説明

石炭焚ボイラの排ガス処理システム

【課題】石炭焚きボイラからの排ガス中の水銀を効率的に除去することができる石炭焚ボイラの排ガス処理システムを提供する。
【解決手段】本実施例は、石炭焚ボイラからの排ガス中の窒素酸化物を除去する脱硝装置と、窒素酸化物除去後のガス中の熱を回収する空気予熱器と、熱回収後のガス中の煤塵を除去する集塵機と、除塵後のガス中の硫黄酸化物を石灰・石膏法により除去すると共に、酸化水銀を除去する気液接触式の脱硫装置と、脱硫後のガスを外部に排出する煙突とを具備する排ガス処理システムにおいて、燃料として供給する石炭の水銀(Hg)/硫黄(S)のモル比が1.3×10-6以下のものを用いて発電を行う。

【発明の詳細な説明】
【技術分野】
【0001】
本発明は、ボイラの排ガス中から水銀を除去する石炭焚ボイラの排ガス処理システムに関するものである。
【背景技術】
【0002】
火力発電所等の燃焼装置であるボイラから排出される排ガスには毒性の高い水銀が含まれるため、従来から排ガス中の水銀を除去するためのシステムが種々検討されてきた。
【0003】
通常、ボイラには排ガス中の硫黄分を除去するための湿式の脱硫装置が設けられている。このようなボイラに排ガス処理装置として脱硫装置が付設されてなる排煙処理設備においては、2価の酸化水銀は水に可溶であるため、前記脱硫装置で水銀が捕集しやすくなることが、広く知られている。
【0004】
そこで、近年、NOxを還元する脱硝装置、および、アルカリ吸収液をSOx吸収剤とする湿式脱硫装置と組み合わせて、この金属水銀を処理する方法や装置について様々な考案がなされてきた。
【0005】
排ガス中の金属水銀を処理する方法としては、活性炭やセレンフィルター等の吸着剤による除去方法が知られているが、特殊な吸着除去手段が必要であり、発電所排ガス等の大容量排ガスの処理には適していない。
【0006】
ここで、大容量排ガス中の金属水銀を処理する方法として、従来より脱硫方法として、下記式(1)及び(2)に示すような反応により、主に気液接触式の脱硫装置を用いた石灰-石膏法が多用されている。

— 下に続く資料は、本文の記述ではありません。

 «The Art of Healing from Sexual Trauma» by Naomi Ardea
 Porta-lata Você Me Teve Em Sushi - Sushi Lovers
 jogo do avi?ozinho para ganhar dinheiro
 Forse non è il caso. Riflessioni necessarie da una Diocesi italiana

SO2 +CaCO3 +1/2H2O→CaSO3・1/2H2O+CO2(吸収) …(1)
CaSO3・1/2H2O+3/2H2O+1/2O2→CaSO4・2H2O(酸化) …(2)
【0007】
【特許文献1】特開2007−7612号公報
【発明の開示】
【発明が解決しようとする課題】
【0008】
ところで、気液接触式の脱硫装置内においては、酸化水銀(Hg2+)を石膏(CaSO4)スラリ中に吸着・固定化し水銀を除去していた。この際、水銀(Hg)の除去速度は一般に石膏(CaSO4)の生成速度に依存している。
【0009】
このため、水銀の除去速度を高めるには、石膏(CaSO4)の生成速度を高める必要があるが、石炭中の水銀(Hg)と硫黄(S)との比率は、石炭の性状に依存し、石膏の生成速度のみ高めることは困難である、という問題がある。

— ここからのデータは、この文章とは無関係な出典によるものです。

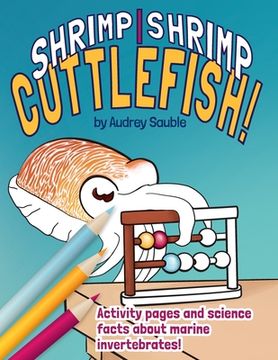 portada Shrimp, Shrimp, Cuttlefish: A Coloring Book for Kids (in English)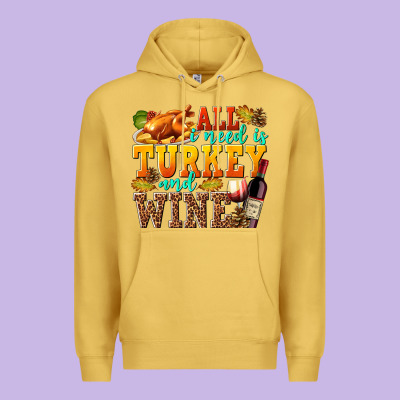 All I Need Is Turkey And Wine Premium Hoodie Designed By Texasbilliewilder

このため、水銀(Hg)に対して硫黄(S)が少ない石炭を用いる場合、石膏−石灰を含むスラリ中の石膏の生産量が少ない場合には水銀(Hg)除去性能が不足する恐れがある。
【0010】
加えて、空気または酸素富化空気の添加によりスラリを酸化状態とすることで、酸化水銀(Hg2+)の還元(Hg2+→Hg0)を防止し、ガス相への0価の水銀の(Hg0)の再飛散を抑制している。
【0011】
しかしながら、排ガス中に還元性物質が多量に存在する場合においては、所定の酸化状態(酸化還元電位(ORP)値が+150mV以上)を維持できず、0価の水銀の(Hg0)ののガス相への再飛散を抑制できないような場合がある。このため、他の対応策により排ガス中の水銀を効率的に除去することが切望されている。
【0012】
本発明は、以上の課題に鑑み、石炭焚きボイラからの排ガス中の水銀を効率的に除去することができる石炭焚ボイラの排ガス処理システムを提供することを目的とする。
【課題を解決するための手段】
【0013】
上述した課題を解決するための本発明の第1の発明は、石炭焚ボイラからの排ガス中の窒素酸化物を除去する脱硝装置と、窒素酸化物除去後のガス中の熱を回収する空気予熱器と、熱回収後のガス中の煤塵を除去する集塵機と、除塵後のガス中の硫黄酸化物を石灰・石膏法により除去すると共に、酸化水銀を除去する気液接触式の脱硫装置と、脱硫後のガスを外部に排出する煙突とを具備する排ガス処理システムにおいて、石炭の水銀(Hg)/硫黄(S)のモル比が1.3×10-6以下であることを特徴とする石炭焚ボイラの排ガス処理システムにある。
【0014】
第2の発明は、第1の発明において、石炭の水銀(Hg)/硫黄(S)のモル比が1.3×10-6以上の場合には、モル比が1.3×10-6以下の硫黄含有量が高い石炭を混焼することを特徴とする石炭焚ボイラの排ガス処理システムにある。
【0015】
第3の発明は、第1の発明において、石炭の水銀(Hg)/硫黄(S)のモル比が1.3×10-6以上の場合には、硫黄化合物を混焼することを特徴とする石炭焚ボイラの排ガス処理システムにある。
【0016】
第4の発明は、第1の発明において、石炭の水銀(Hg)/硫黄(S)のモル比が1.3×10-6以上の場合には、排ガスに硫酸系ガスを混合しつつ脱硫することを特徴とする石炭焚ボイラの排ガス処理システムにある。
【0017】
第5の発明は、第1乃至4の発明のいずれか一つにおいて、石灰石-石膏を含むスラリに酸化剤を添加することを特徴とする石炭焚ボイラの排ガス処理システムにある。
【0018】
第6の発明は、第1乃至5の発明のいずれか一つにおいて、石灰石‐石膏を含むスラリに硫酸系化合物を添加することを特徴とする石炭焚ボイラの排ガス処理システムにある。
【発明の効果】
【0019】
本発明によれば、気液接触のスラリ吸収液からの水銀の再飛散がなくなり、排ガス中の水銀と石膏との接触効率を高めることができ、水銀の吸着・固定化を促進することができる。
【発明を実施するための最良の形態】
【0020】
以下、この発明につき図面を参照しつつ詳細に説明する。なお、この実施例によりこの発明が限定されるものではない。また、下記実施例における構成要素には、当業者が容易に想定できるもの、あるいは実質的に同一のものが含まれる。
【実施例1】
【0021】
本発明による実施例1に係る石炭焚ボイラの排ガス処理システムについて、図面を参照して説明する。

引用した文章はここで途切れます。